Una provocazione, in qualche modo, perché la maggior parte degli interventi susseguitisi fino a quel momento in sala tradiva la fatica di un cristianesimo trincerato sulle difensive, tutto teso ad arginare mode e mentalità laiciste, materialiste sempre più diffuse anche tra i cristiani. Non è un caso che, subito dopo la relazione di don Carrón, il prorettore di una delle più prestigiose facoltà teologiche della Russia gli abbia chiesto: «Padre, mi colpisce come per lei il cristianesimo sia una positività. Dunque il reale, per un cristiano, non è semplicemente un male da contrastare, ma un positivo da abbracciare?». O che il sito dell’Accademia teologica di Mosca (www.bogoslov.ru) gli abbia fatto una lunga videointervista trovando per l’occasione perfino un interprete dallo spagnolo.

In realtà, sia il tema scelto per il convegno, sia l’interesse per il metodo educativo di Comunione e Liberazione mettono a fuoco una preoccupazione centrale nella vita della Chiesa ortodossa più numerosa del mondo, la preoccupazione educativa e missionaria all’interno della società; una preoccupazione sovente inconfessata anche tra il clero (è più comodo cullarsi nei miti della «rinascita religiosa della Santa Rus’»), oppure fonte di smarrimento perché ci si sente inermi, senza un metodo per affrontarla. Se oggi all’interno dell’ortodossia russa c’è ancora chi manderebbe al rogo come eretiche tutte le pubblicazioni cattoliche, sta pericolosamente crescendo l’altro estremo, che consiste in un aperturismo indiscriminato ad ogni genere di innovazione e modernità.
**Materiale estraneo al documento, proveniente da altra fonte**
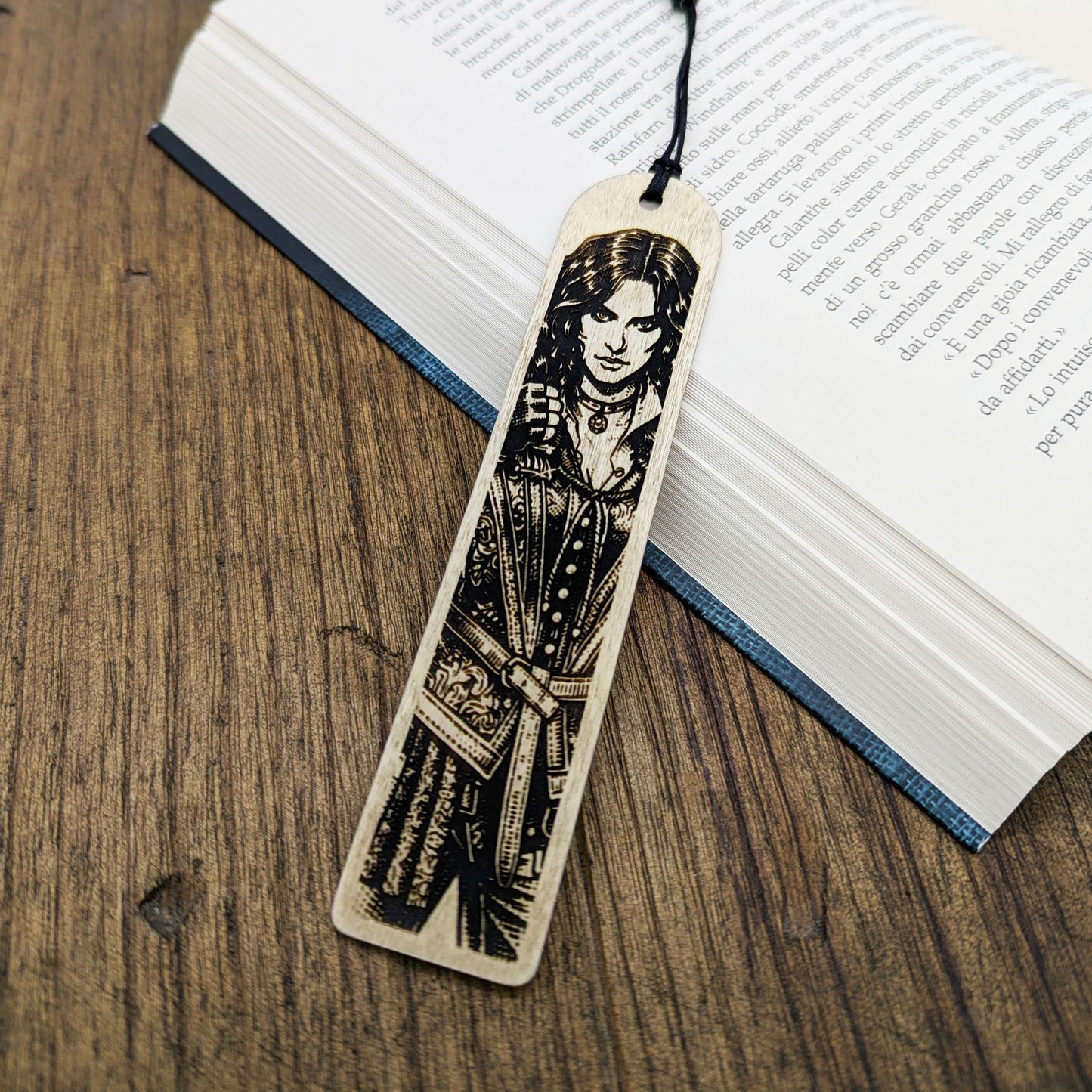 Segnalibro in legno Yennefer, design inciso ispirato a The Witcher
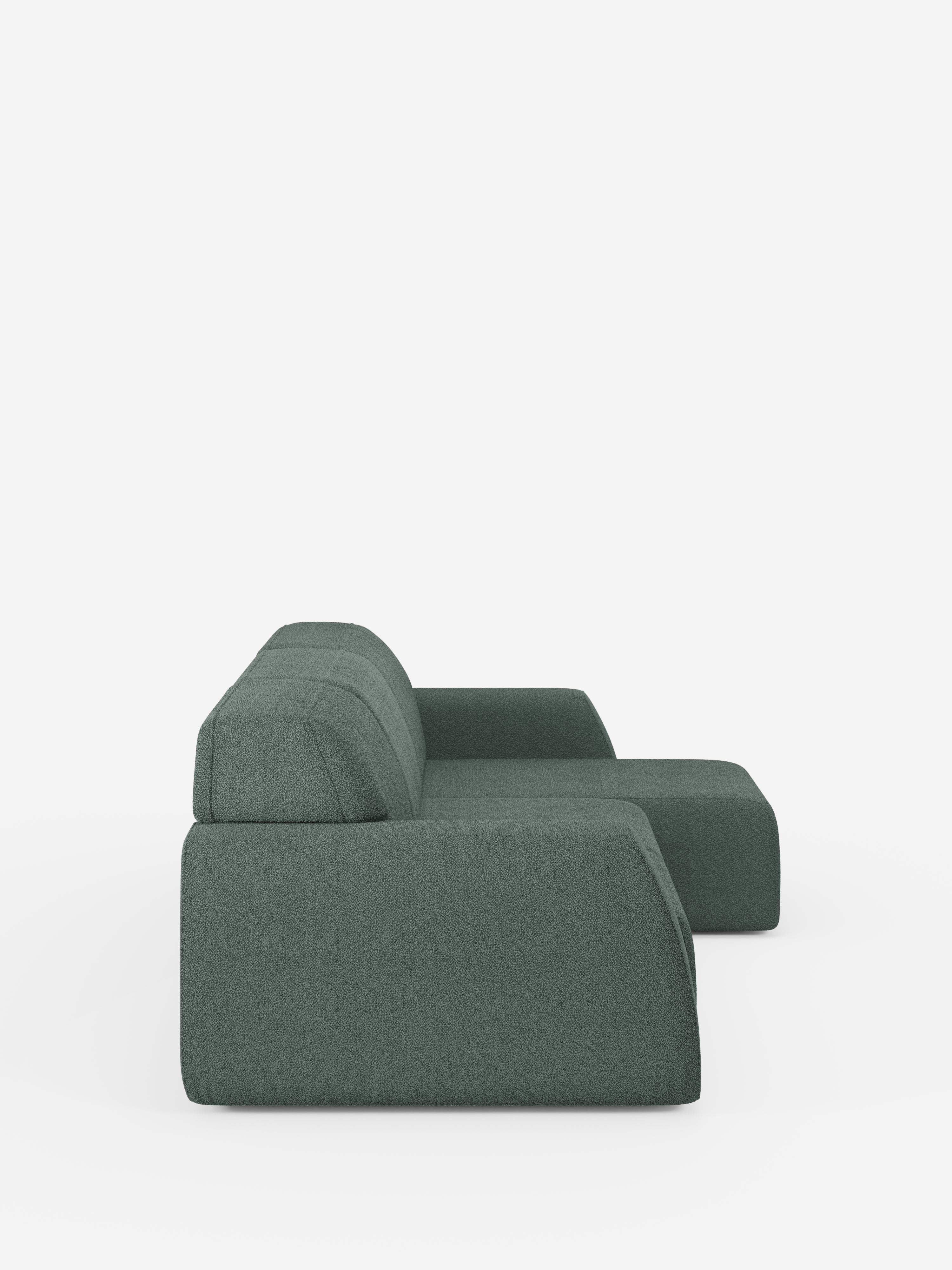 Una vista laterale del divano angolare Orbit con penisola reversibile e tutte le sedute allungabili in tessuto smacchiabile effetto cotone T33 di Divani.Store, che mette in risalto il suo moderno rivestimento in tessuto verde, le linee pulite, le sedute profonde e gli ampi braccioli su uno sfondo bianco a tinta unita. Questo divano componibile presenta un design minimalista e raffinato, con sedute spaziose e confortevoli e un pratico tessuto effetto cotone antimacchia.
Il forum di novembre è stato dunque un tentativo di porre un’alternativa, di offrire un’indicazione di cammino. Come ha richiamato nella sua prolusione il patriarca Kirill, sottolineando l’importanza di una teologia che si trasformi in strumento per la vita della Chiesa, «rendendo ragione del messaggio cristiano», in modo che la «vita in Cristo» non venga recepita dai nostri contemporanei come un «mito, un rituale o un’ideologia», ma come una «pienezza di vita», e d’altro canto non si corra il rischio di annacquare la portata della proposta cristiana in una versione «ridotta» di cristianesimo.

Attraverso l’invito a Carrón la storia di amicizia e di stima esistente da tanti anni a Mosca è diventata una testimonianza comune anche a livello istituzionale. Un fatto storico. Quasi in risposta all’appello di Kirill, nell’intervento di Carrón sono risuonate, tra l’altro, queste parole di Benedetto XVI: «L’idea genericamente diffusa è che i cristiani debbano osservare un’immensità di comandamenti, divieti, principi e simili, e che quindi il cristianesimo sia qualcosa di faticoso e oppressivo da vivere, e che si è più liberi senza tutti questi fardelli. Io invece vorrei mettere in chiaro che essere sostenuti da un grande Amore e da una rivelazione non è un fardello, ma sono ali».